- **The problem**
In the listing below, the lines starting with the line with "EMAGE:31892" and going on through the line with "Lip Fillers Before & After Patient #3764" are to be reproduced exactly, and only those.

- **Records to use**
● ● ● ● ● ● ●
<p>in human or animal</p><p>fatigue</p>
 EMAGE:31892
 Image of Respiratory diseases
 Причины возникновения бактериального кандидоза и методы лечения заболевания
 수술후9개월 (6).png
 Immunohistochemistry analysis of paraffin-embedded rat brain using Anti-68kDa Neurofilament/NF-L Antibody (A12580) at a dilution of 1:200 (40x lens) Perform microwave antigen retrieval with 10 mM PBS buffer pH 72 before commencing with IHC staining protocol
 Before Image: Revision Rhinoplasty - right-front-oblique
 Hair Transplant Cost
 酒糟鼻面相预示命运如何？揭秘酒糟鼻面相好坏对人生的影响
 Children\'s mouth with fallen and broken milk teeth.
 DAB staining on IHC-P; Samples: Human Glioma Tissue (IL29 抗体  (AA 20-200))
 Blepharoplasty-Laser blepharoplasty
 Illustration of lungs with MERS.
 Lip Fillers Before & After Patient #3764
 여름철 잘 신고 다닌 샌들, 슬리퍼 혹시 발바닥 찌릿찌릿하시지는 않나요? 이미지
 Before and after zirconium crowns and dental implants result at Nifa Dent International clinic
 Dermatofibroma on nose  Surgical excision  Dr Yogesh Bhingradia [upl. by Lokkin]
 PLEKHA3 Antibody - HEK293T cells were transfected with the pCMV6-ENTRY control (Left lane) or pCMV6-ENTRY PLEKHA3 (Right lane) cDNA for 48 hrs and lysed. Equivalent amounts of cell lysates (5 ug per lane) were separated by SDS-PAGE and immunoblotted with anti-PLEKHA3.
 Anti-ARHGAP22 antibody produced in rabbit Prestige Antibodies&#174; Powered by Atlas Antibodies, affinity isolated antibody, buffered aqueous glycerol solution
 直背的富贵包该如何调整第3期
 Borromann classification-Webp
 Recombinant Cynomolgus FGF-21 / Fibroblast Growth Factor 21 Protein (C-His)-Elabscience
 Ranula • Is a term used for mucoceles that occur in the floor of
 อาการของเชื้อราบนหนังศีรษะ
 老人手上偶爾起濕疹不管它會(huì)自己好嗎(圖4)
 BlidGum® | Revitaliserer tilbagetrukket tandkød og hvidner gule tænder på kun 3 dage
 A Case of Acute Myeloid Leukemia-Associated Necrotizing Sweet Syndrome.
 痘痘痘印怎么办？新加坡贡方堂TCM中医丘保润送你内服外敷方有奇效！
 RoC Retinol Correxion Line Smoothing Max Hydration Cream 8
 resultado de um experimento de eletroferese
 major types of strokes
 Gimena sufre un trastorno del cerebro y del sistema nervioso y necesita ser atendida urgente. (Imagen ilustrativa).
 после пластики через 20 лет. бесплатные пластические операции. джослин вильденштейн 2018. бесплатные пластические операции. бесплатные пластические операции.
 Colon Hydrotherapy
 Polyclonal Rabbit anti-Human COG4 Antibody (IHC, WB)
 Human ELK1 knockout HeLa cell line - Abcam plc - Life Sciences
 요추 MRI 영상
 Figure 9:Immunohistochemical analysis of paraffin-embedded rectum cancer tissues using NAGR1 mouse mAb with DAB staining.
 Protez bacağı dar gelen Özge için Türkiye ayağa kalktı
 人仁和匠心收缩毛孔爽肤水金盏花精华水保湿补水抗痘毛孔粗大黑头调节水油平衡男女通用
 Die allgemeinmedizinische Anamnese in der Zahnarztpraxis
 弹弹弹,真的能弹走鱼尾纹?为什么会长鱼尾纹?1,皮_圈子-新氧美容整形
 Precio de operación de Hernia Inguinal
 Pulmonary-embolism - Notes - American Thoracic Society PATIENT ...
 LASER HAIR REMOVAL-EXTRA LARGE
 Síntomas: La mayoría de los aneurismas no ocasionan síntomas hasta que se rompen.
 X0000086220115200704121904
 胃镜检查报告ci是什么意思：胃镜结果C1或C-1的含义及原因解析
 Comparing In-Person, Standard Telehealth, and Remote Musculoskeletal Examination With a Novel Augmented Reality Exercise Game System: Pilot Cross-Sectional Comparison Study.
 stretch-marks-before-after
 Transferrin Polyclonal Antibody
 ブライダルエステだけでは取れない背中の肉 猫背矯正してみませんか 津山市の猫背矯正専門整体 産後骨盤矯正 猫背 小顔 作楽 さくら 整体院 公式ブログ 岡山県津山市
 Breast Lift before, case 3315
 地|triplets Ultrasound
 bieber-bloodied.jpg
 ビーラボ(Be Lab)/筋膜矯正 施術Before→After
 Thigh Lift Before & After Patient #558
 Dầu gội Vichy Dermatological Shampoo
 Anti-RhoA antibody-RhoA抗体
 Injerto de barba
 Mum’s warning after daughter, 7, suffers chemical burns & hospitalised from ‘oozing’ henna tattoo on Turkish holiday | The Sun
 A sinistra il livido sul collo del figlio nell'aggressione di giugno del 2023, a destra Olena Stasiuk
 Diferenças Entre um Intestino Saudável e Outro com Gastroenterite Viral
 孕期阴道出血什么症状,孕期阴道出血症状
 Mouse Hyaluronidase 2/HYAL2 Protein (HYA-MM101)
● ● ● ● ● ● ●
- **Problem solution**
 EMAGE:31892
 Image of Respiratory diseases
 Причины возникновения бактериального кандидоза и методы лечения заболевания
 수술후9개월 (6).png
 Immunohistochemistry analysis of paraffin-embedded rat brain using Anti-68kDa Neurofilament/NF-L Antibody (A12580) at a dilution of 1:200 (40x lens) Perform microwave antigen retrieval with 10 mM PBS buffer pH 72 before commencing with IHC staining protocol
 Before Image: Revision Rhinoplasty - right-front-oblique
 Hair Transplant Cost
 酒糟鼻面相预示命运如何？揭秘酒糟鼻面相好坏对人生的影响
 Children\'s mouth with fallen and broken milk teeth.
 DAB staining on IHC-P; Samples: Human Glioma Tissue (IL29 抗体  (AA 20-200))
 Blepharoplasty-Laser blepharoplasty
 Illustration of lungs with MERS.
 Lip Fillers Before & After Patient #3764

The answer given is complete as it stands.